Task prompt » Retype nothing except the lines below from the one with "Ruko strategis /" through the one with "El SRI recuerda", exactly, with images left out.

** Opening Data block **

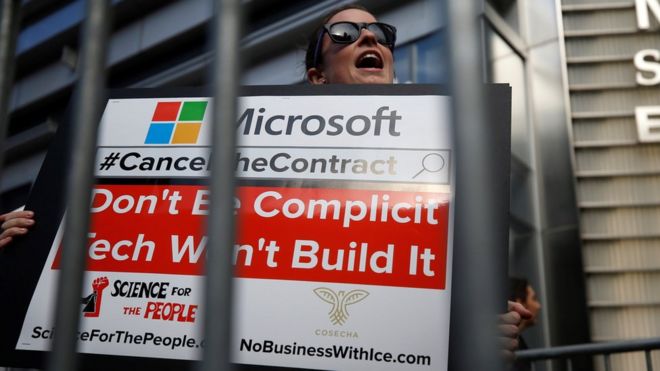 Protesta frente a la sede de Microsoft en Nueva York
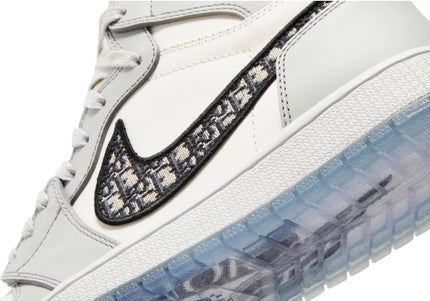 Air Jordan 1 Retro High 'Dior'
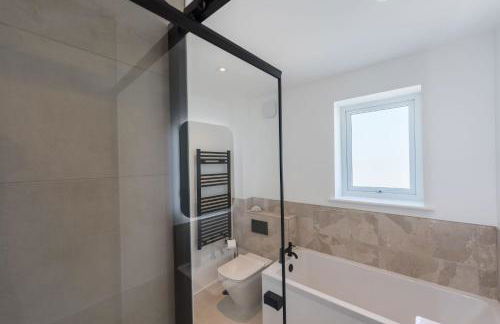 Gwel Y Mor Penthouse by Birch Stays New Home - Photo 42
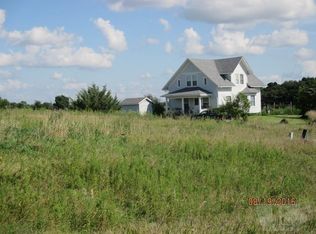 1853 Meadow Cir, Fairfield, IA 52556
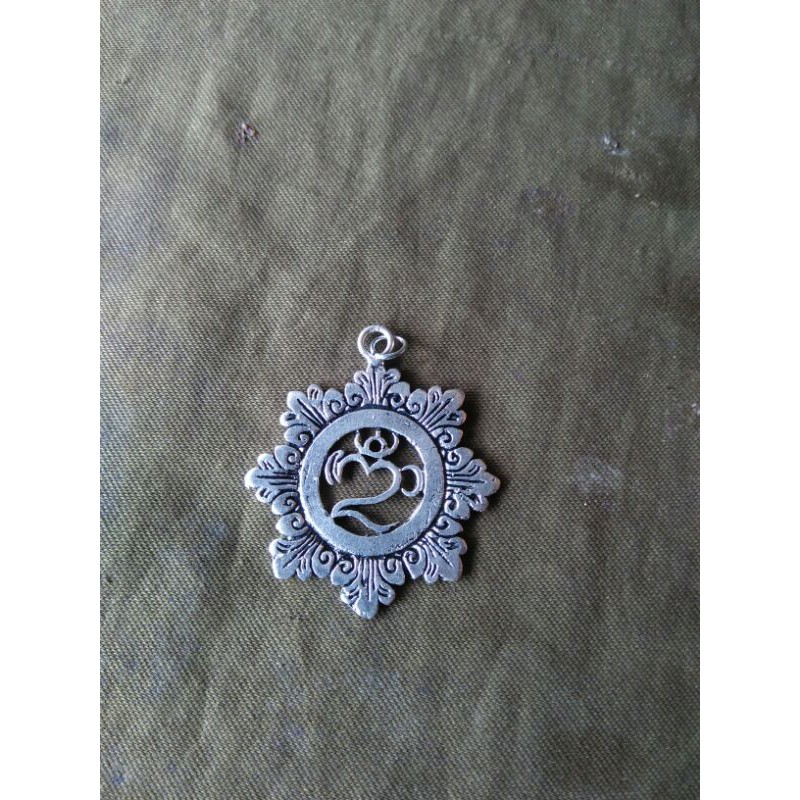 Liontin Simbol Omkara Bali alpaka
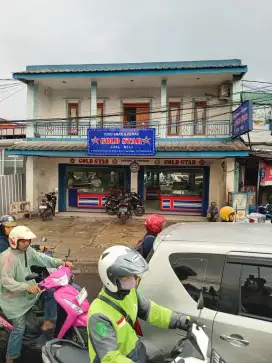 Ruko strategis / ruko hook / ruko di tempat keramean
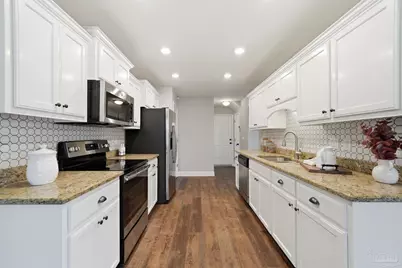 1885 Natures Way, Gulf Breeze, FL 32563 - Photo 2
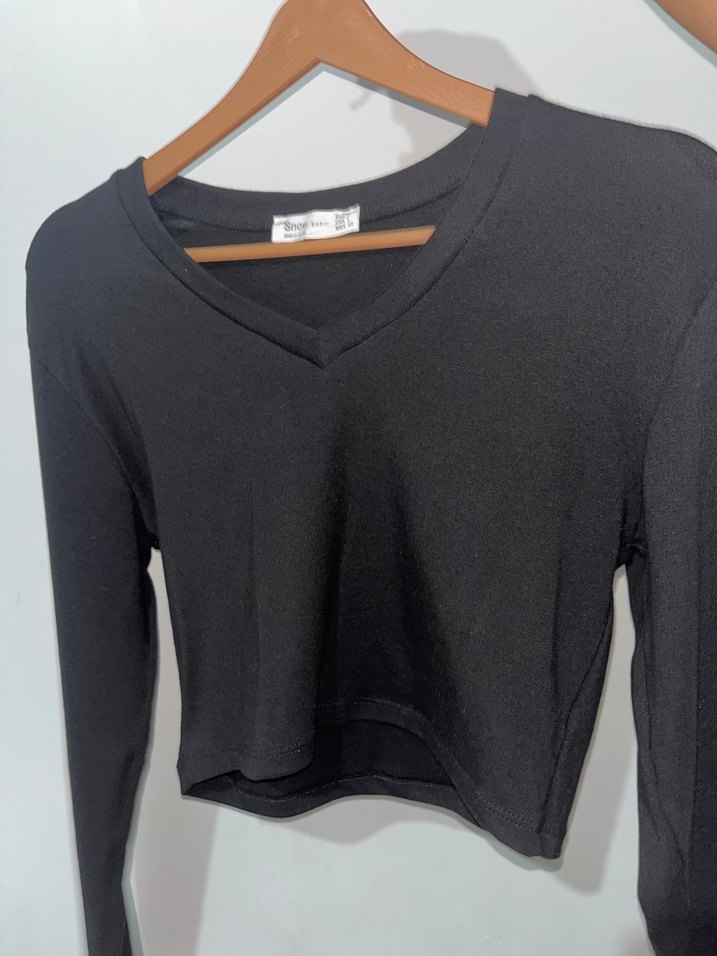 Siyah V Yaka Uzun Kollu Crop Top - Görsel 2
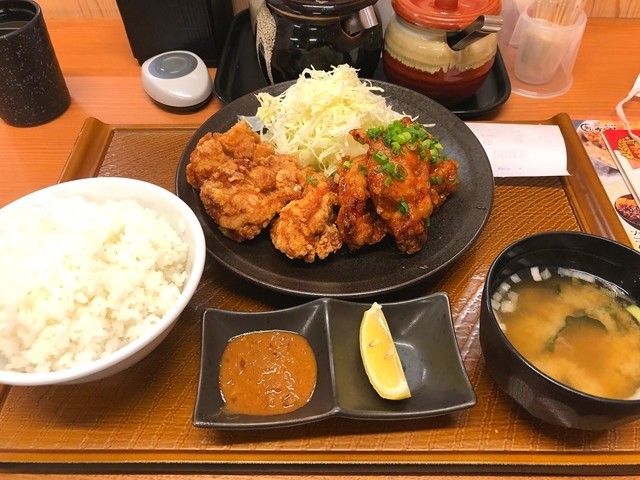 から好新作メニュー甘トロ合盛り定食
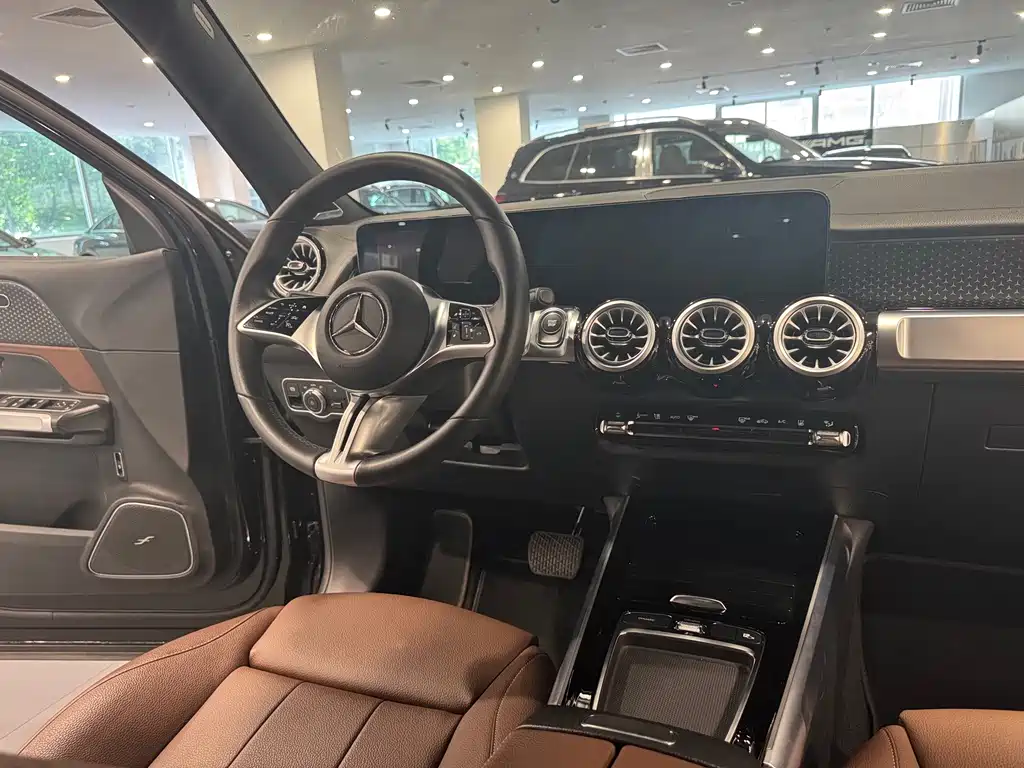 Mercedes-Benz EQB — миниатюра 11
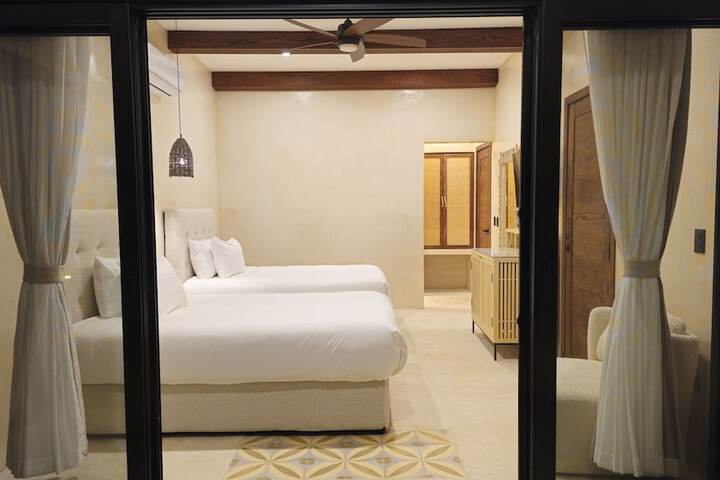 Room 29 of 66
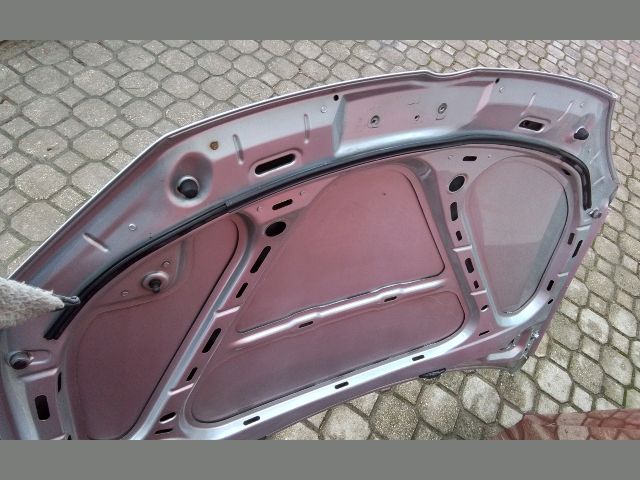 bontott VW GOLF V Motorháztető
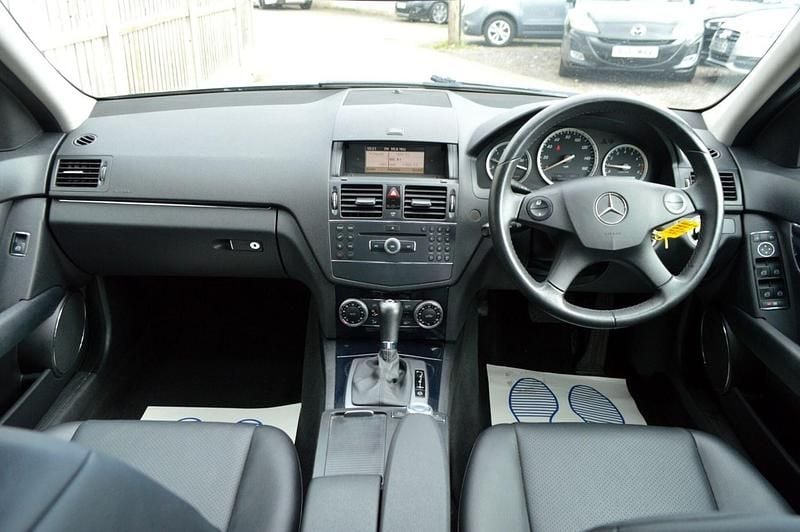 Image 2/4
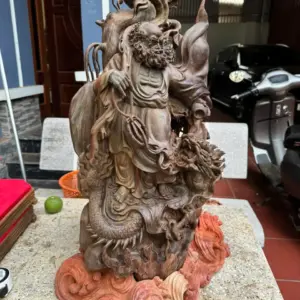su-to-at-ma-ung-duoi-goc-cay-b_306a709b Tượng Sư Tổ Đạt Ma Đứng Dưới Gốc Cây Bồ Đề Gỗ Trắc Cũ Đen VIP Liền Hàng Kỹ Nét Siêu Đẹp G5615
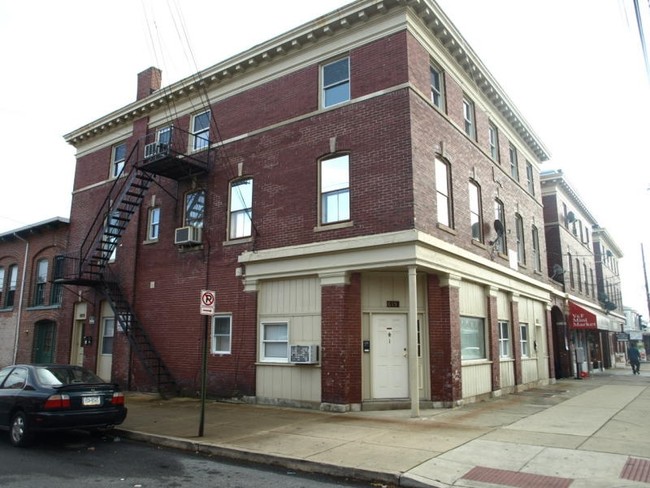 613-615 N Plum St in Lancaster, PA - Building Photo - Building Photo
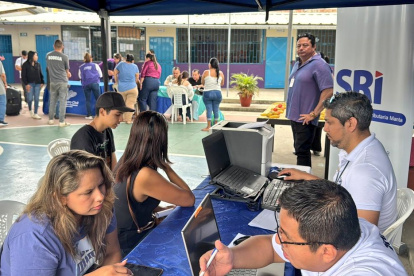 El SRI recuerda que quienes viajen con dinero en efectivo deben pagar el ISD.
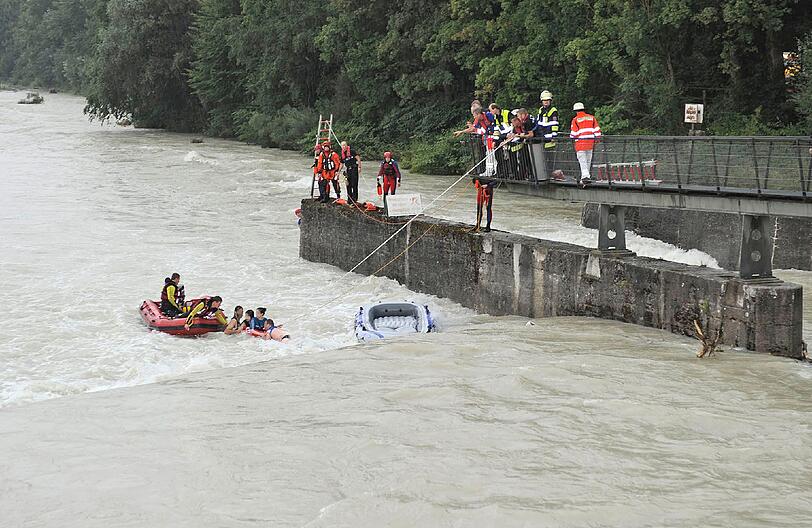 Schiffbruch auf der Isar. Die Bilder von den Rettungseinsätzen.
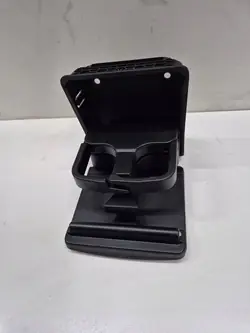 Kopphållare bak VW Golf V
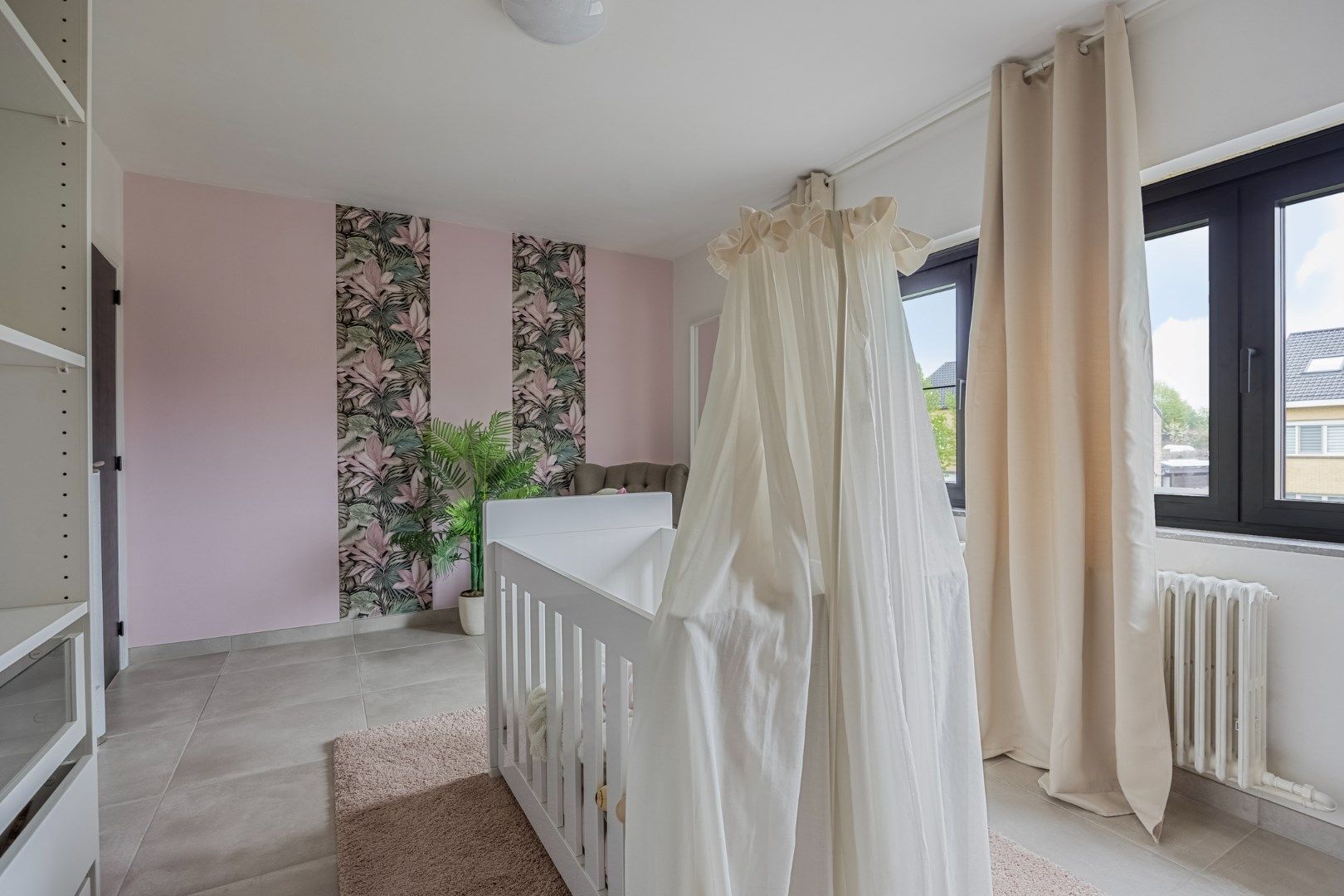 Vernieuwde woning met 319 m² woonplezier in het rustige Nerem foto 21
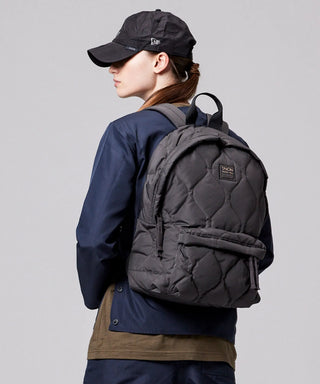 チャコール／モデル身長 169cm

** Closing Data block **

Task answer »
 Ruko strategis / ruko hook / ruko di tempat keramean
 1885 Natures Way, Gulf Breeze, FL 32563 - Photo 2
 Siyah V Yaka Uzun Kollu Crop Top - Görsel 2
 から好新作メニュー甘トロ合盛り定食
 Mercedes-Benz EQB — миниатюра 11
 Room 29 of 66
 bontott VW GOLF V Motorháztető
 Image 2/4
su-to-at-ma-ung-duoi-goc-cay-b_306a709b Tượng Sư Tổ Đạt Ma Đứng Dưới Gốc Cây Bồ Đề Gỗ Trắc Cũ Đen VIP Liền Hàng Kỹ Nét Siêu Đẹp G5615
 613-615 N Plum St in Lancaster, PA - Building Photo - Building Photo
 El SRI recuerda que quienes viajen con dinero en efectivo deben pagar el ISD.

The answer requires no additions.